What lessons can we draw from this reform?

It is natural to wonder what our results imply about attempts by the state to shape attitudes in other cultural and social settings, e.g., in the US or in Western Europe. On the one hand, one might think that our findings represent the upper bound of what the state can achieve with a curriculum reform. After all, we study a project of an extremely effective Chinese state, and we study the hyper-competitive Chinese students who achieved nearly-perfect scores on their college entrance exams to attain admission at Peking University. On the other hand, Peking University students are known to be especially critical of their state, and willing to speak out against it, having been at the centre of pro-democracy movements, and continuing to openly discuss attitudes that deviate from the Party line. If the politically liberal students at Peking University, with access to microblogs and Weixin (WeChat) posts, had their views changed by their high school textbooks, we believe that a less critical population might be even more susceptible to the persuasive power of educational content.

Finally, it is worth considering the normative implications of our findings. While evidence of successful state brainwashing is frightening, our results also suggest that the state can use education as a force for the good, by promoting socially-useful beliefs. One hopes that, as Dewey and Lipset discussed decades ago, schooling will be used to cultivate good citizenship and sustain the working of a democratic state. Our findings suggest that it is within the power of education to achieve these aims.

References

Bowles, Samuel and Herbert Gintis (1976), Schooling in Capitalist America: Educational Reform and the Contradictions of Economic Life, New York, NY: Basic Books.

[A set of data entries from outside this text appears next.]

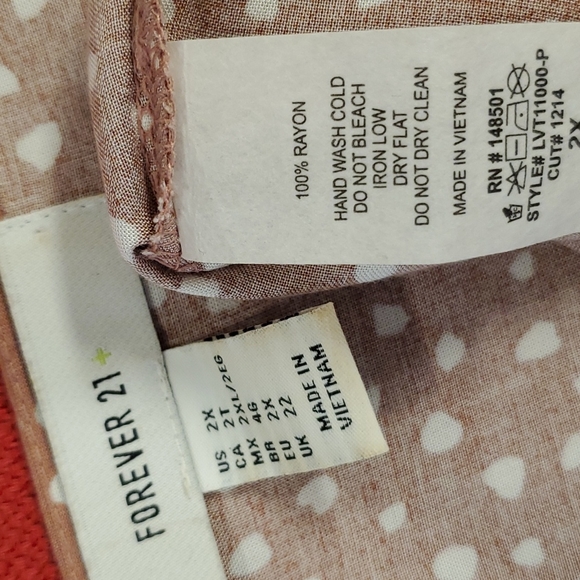 Forever 21 light brown white spots long sleeve top blouse size 2X - Picture 4 of 5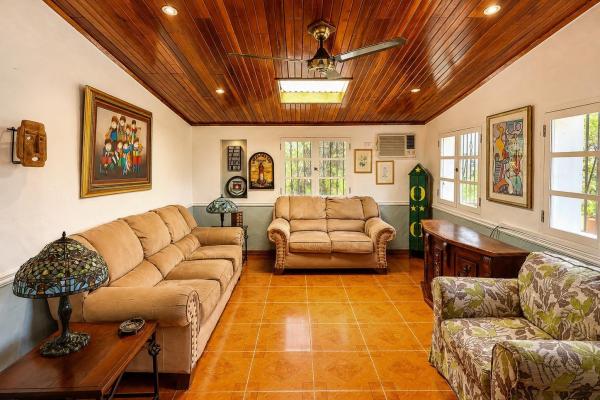 Venta de residencia tipo hacienda con ríos y senderos vía al valle de antón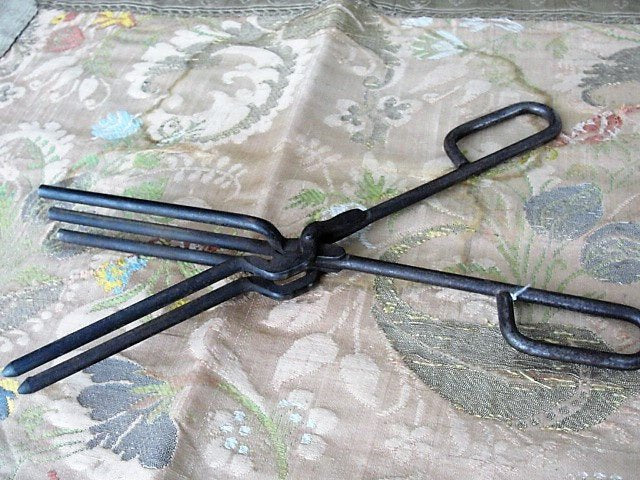 ANTIQUE Primitive Iron Hair Crimper Hair Curler Vntage Hair Salon Antique Hairdresser Beauty Supply Cast Iron Farmhouse Decor Primitives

Cantoni, Davide, Yuyu Chen, David Yufan Yang, Noam Yuchtman, and Y. Jane Zhang (2014). “Curriculum and Ideology,” NBER Working Paper 20112.

DellaVigna, Stefano and Matthew A. Gentzkow (2010). “Persuasion: Empirical Evidence,” Annual Review of Economics, 2(1), September, 643-669.

Dewey, John (1916), Democracy and Education: An Introduction to the Philosophy of Education, New York, NY: Macmillan.

Lipset, Seymour Martin (1958), “Some Social Requisites of Democracy: Economic Development and Political Legitimacy,” The American Political Science Review, 1959, 53 (1), 69–105.

Lott, Jr, John R (1991), “Public Schooling, Indoctrination, and Totalitarianism,” Journal of Political Economy, December 1999, 107 (S6), S127–S157.

Weber, Eugen (1976), Peasants Into Frenchmen: The Modernization of Rural France, 1870–1914, Stanford, CA: Stanford University Press.


1 It is important to note that we specifically asked students questions in a manner that did not look like a series of examination questions. Nor do the patterns of responses look like responses to examination questions. There is a great deal of variation; indeed, the variation in responses to questions about trust in government officials is actually greater within our sample than in the broader AsiaBarometer sample of individuals. This also confirms the general view of Peking University students as relatively liberal and outspoken.

2 Note that these results are robust to controlling for province and cohort fixed effects, and do not result from different (socioeconomic) characteristics of the cohorts studying under the old and the new curriculum. In fact, along all observable dimensions the students in our sample who studied under the old and the new curriculum are virtually indistinguishable. This similarity in demographic characteristics across the two curricula suggests that we are able to identify a causal effect within our sample. For details on the econometric specifications and robustness checks, see the working paper.

3 For a theoretical definition of ‘persuasion rates’, and a review of the related literature, see DellaVigna and Gentzkow (2010).